# Mazzer SJ - espresso grind



## Mr O (Jan 14, 2015)

I took my burrs out last weekend and gave Mr Jolly a good ole clean. Put the burrs back in and got me a marker for where the burr touch point was...

The question is, how many 'marks' back from the touch point would an average espresso grind be? I know all beans are a bit different but I'm just after a rough starting point. I can't keep tipping espresso down the sink









My LSOL beans are due next month and I definatly don't wanna be throwing them down the sink...

Mr O

(not a Tamper Master)


----------



## El carajillo (Mar 16, 2013)

Mr O said:


> I took my burrs out last weekend and gave Mr Jolly a good ole clean. Put the burrs back in and got me a marker for where the burr touch point was...
> 
> The question is, how many 'marks' back from the touch point would an average espresso grind be? I know all beans are a bit different but I'm just after a rough starting point. I can't keep tipping espresso down the sink
> 
> ...


----------



## grumpydaddy (Oct 20, 2014)

With a little guidance to begin with I found that starting 1/8th of a turn open, grind a double shot, tamp and time this into the cup at either a 1:1.6 or 1:2 ratio allowing 1 sec per g seems to be a good starting point.

18g in and 29g out in as close as you can to 29 seconds for the 1:1.6 ratio

or

18g in and 36g out in close to 36 seconds for the 1:2 ratio should be the target.

You can either creep towards your target or step past and then back in ever smaller steps. By this I mean, with reference to the zero point, first try = 22.5°, second try = 45°, third = 34°, fourth = 28°....etc (Figures for demonstration only)

If the grind is the same weight in and the tamp is always the same weight then making the grind finer to go slower or coarser to go quicker is the variable you are looking for from the grinder.

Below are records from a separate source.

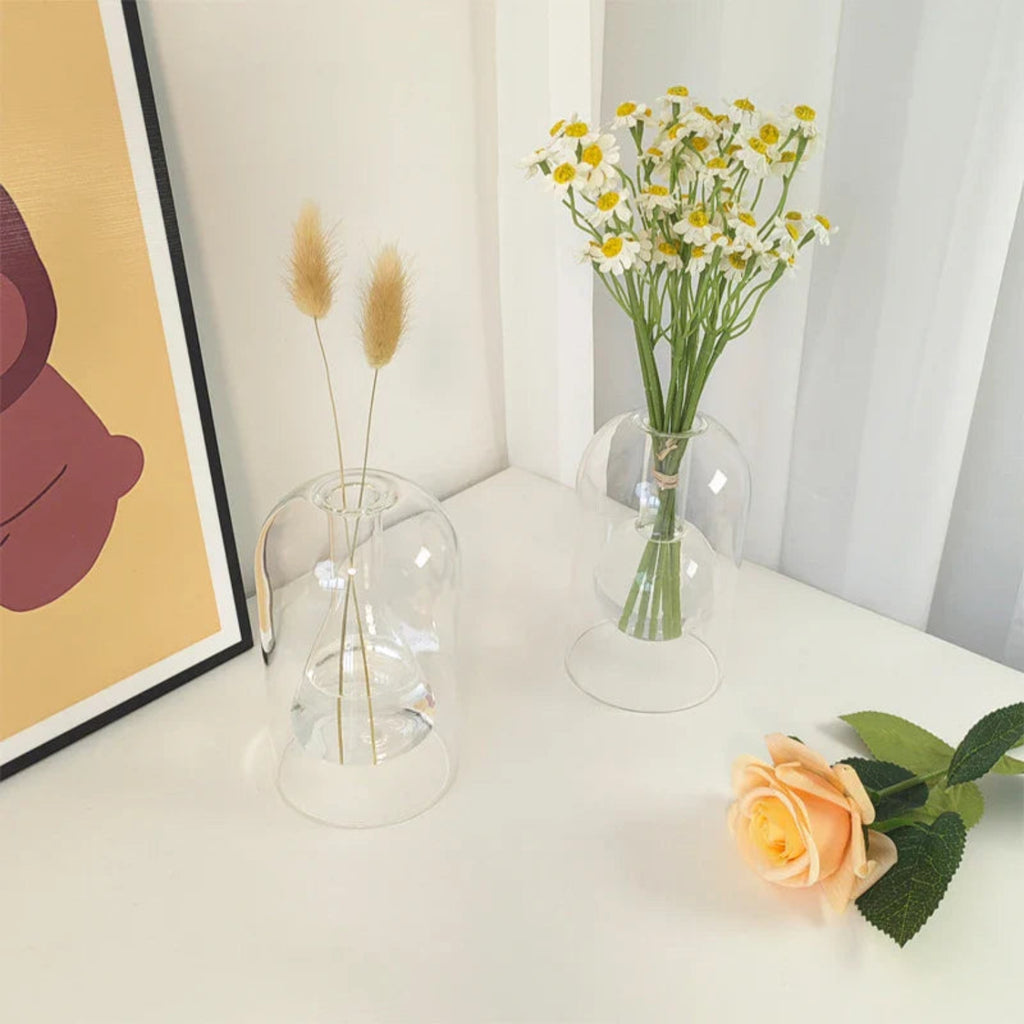 Double Layer Transparent Glass Fragrance Diffuser Bottle, Elegant Aromatherapy   زجاجة موزع عطر زجاجية مزدوجة الطبقات، أنيقة للاسترخاء والعلاج العطري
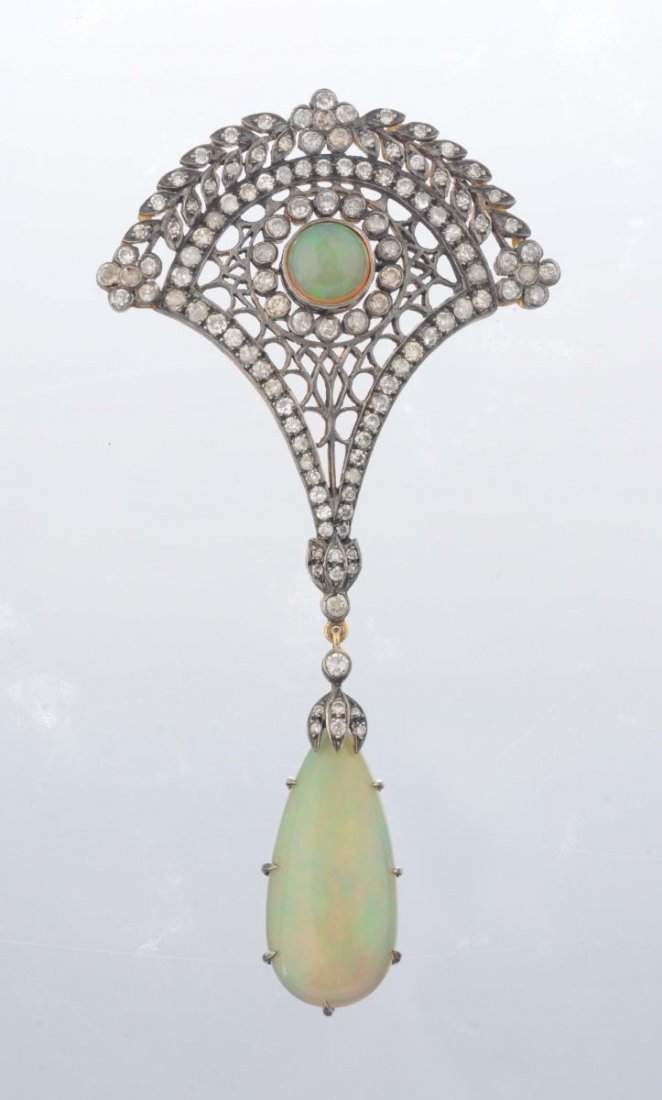 An Opal And Diamond Slide Pendant. (1 of 1)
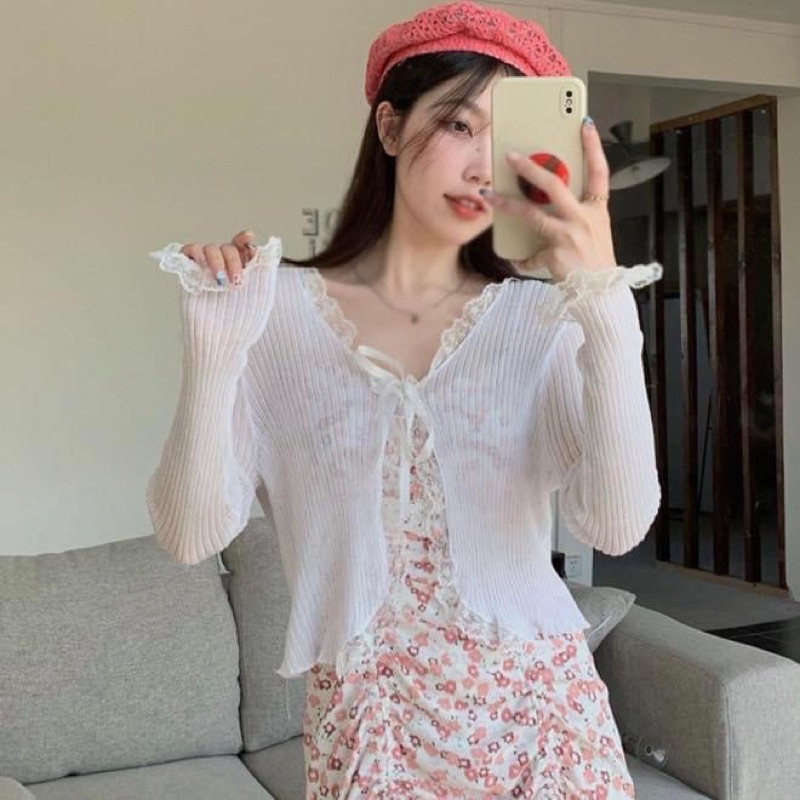 Áo khoác cardigan kiểu nữ thun len mỏng voan phối ren bèo tay dài croptop ôm trơn - Order taobao quảng châu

I have less experience than most here but the reasoning is as follows: Stopping the shot at the shorter 1:1.6 time or letting it run longer to the 1:2 time seems to be dependent on the level of roast, the beans and the taste from them. The guidance about targeting for 1 sec per gram out was found on the Londinium site by the designer Riess. I am not certain this works with pumps too but I don't see why not.


----------



## urbanbumpkin (Jan 30, 2013)

Agree with El Carajillo. I've found overall approx 13 notches from touch is a good ballpark.


----------



## urbanbumpkin (Jan 30, 2013)

I've just counted where the Major is at the moment and it's also 13 notches too. Weird


----------



## Orangertange (Jul 4, 2013)

Like said above, pay attention to flow rate, Unfortunately always have to chuck some down the sink when changing beans, unless you're really lucky, just count yourself lucky your dealing with 20gs retention like I am


----------



## Mr O (Jan 14, 2015)

thanks for the replies everyone... My SJ setting isn't too far out (which I didn't think it was) but I had to confirm this so I could look at other possible problems. My setting is at 12.5 as I type...

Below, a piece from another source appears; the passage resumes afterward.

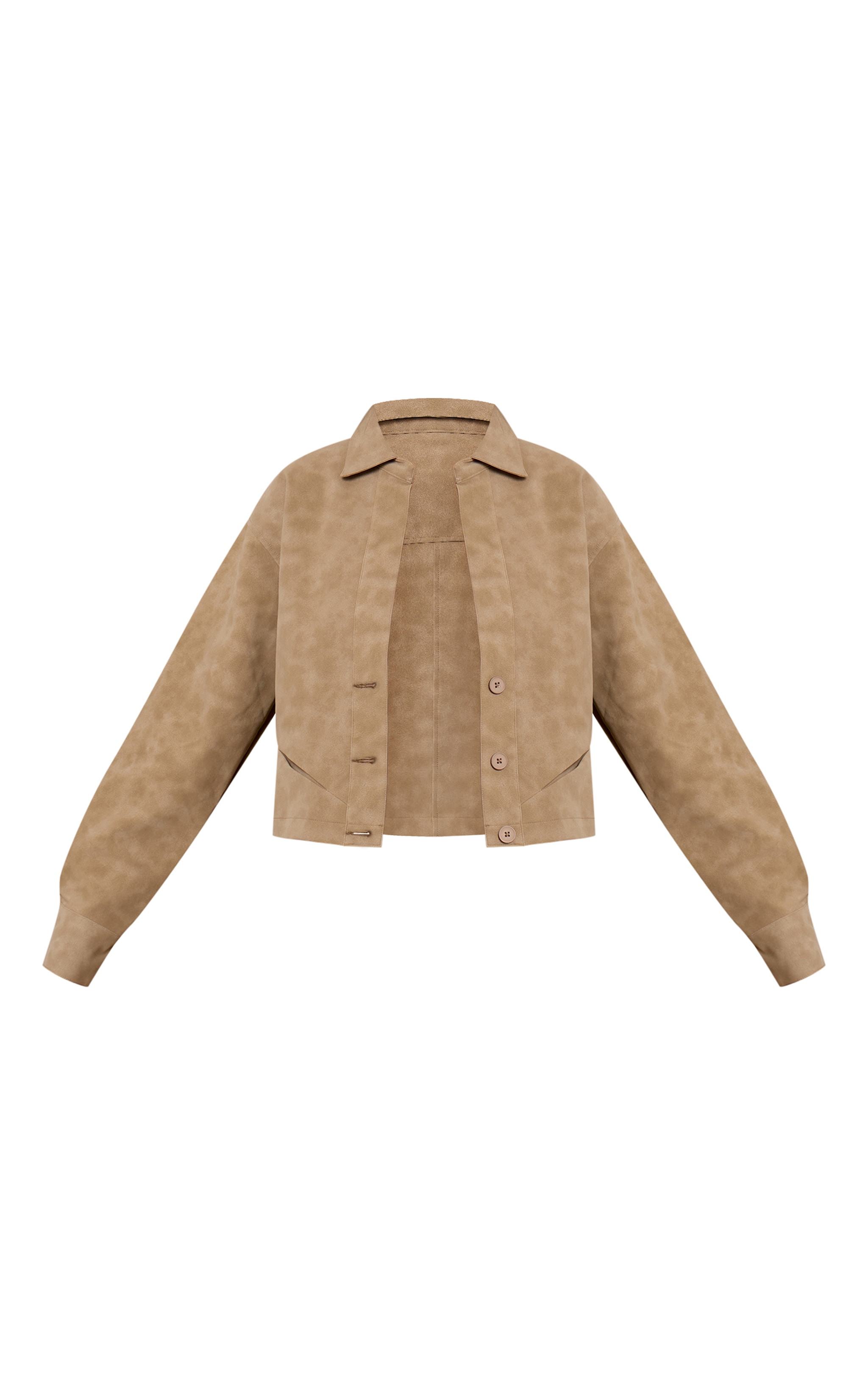 Veste en PU gris pierre délavé à décolleté image 5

So, I'm now thinking that my tamp method is causing the problems. The problems being a too quick shot. I'm getting 16g in and 32g out in circa 10 seconds. If I let it run for the 32 seconds I'm getting 70/80g...


----------



## Orangertange (Jul 4, 2013)

Don't worrie too much about tamp pressure just keep it consistent, try grinding a bit finer,


----------



## urbanbumpkin (Jan 30, 2013)

+1 on going finer. Defo


----------



## grumpydaddy (Oct 20, 2014)

I would say try going to ~11-11.5 and if you don't already try nutating.

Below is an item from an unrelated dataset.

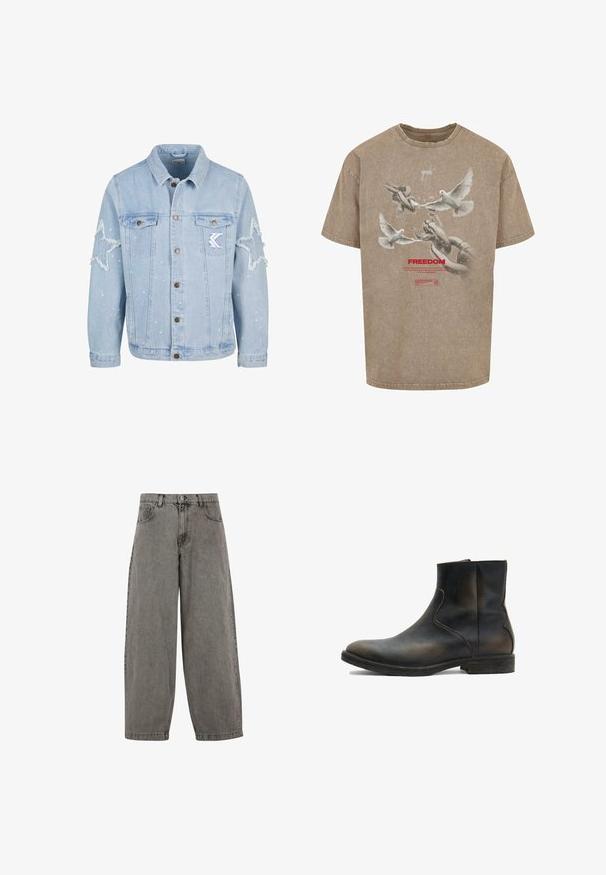Lyseblå denimjakke med stjernemønstrede slidmærker, metalbutton, to brystlommer og diskret hvid malingsplask.; MJ Gonzales FREEDOM X ACID WASHED HEAVY - T-shirts print - darkkhaki; Grå denim bukser med høj talje, brede ben, klassisk fem-lomme design og knaplukning foran. Let struktureret finish.; AllSaints LANG - Støvletter - brown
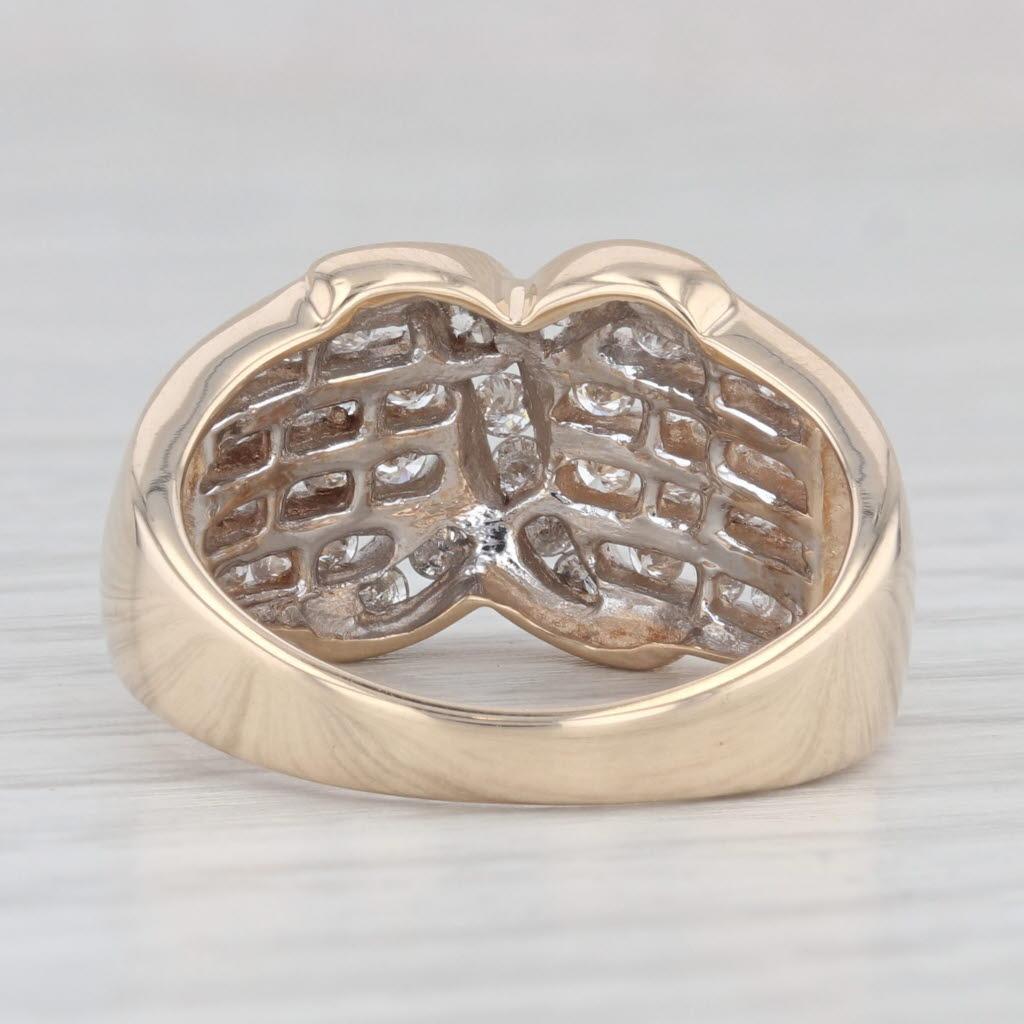 1ctw Diamond Knot Ring 10k Yellow Gold Size 7 2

I could not find a definitive answer on how and when to nutate but when NSWE helped some, nutating has seemingly ended any channeling I had. I currently use a convex tamper if that makes a difference

nutate first then tamp works for me but I have watched a tamp then nutate video

I just checked my Mazzer... I am at 10.5-11 notches


----------



## Mr O (Jan 14, 2015)

Thanks again everyone, I will report back tomorrow


----------



## Mr O (Jan 14, 2015)

I'm now down to about 9 notches... It was better but still not fine enough according to my shot weight / time..


----------



## urbanbumpkin (Jan 30, 2013)

Keep going finer


----------



## urbanbumpkin (Jan 30, 2013)

Sorry....Are these new burrs? The nearer the burrs are to the espresso point from the touch point is and indication of how worn the burrs are.


----------



## jeebsy (May 5, 2013)

Be a bit more cavalier with your adjustments, sounds like you're being very gradual and potentially wasting coffee (as well as taking you days to dial in). As long as you adjust with the grinder running you'll get an audible alarm if you start getting too fine...


----------



## NickdeBug (Jan 18, 2015)

Interesting read. Just checked and I've been running my SJ at 6 notches from the touching point.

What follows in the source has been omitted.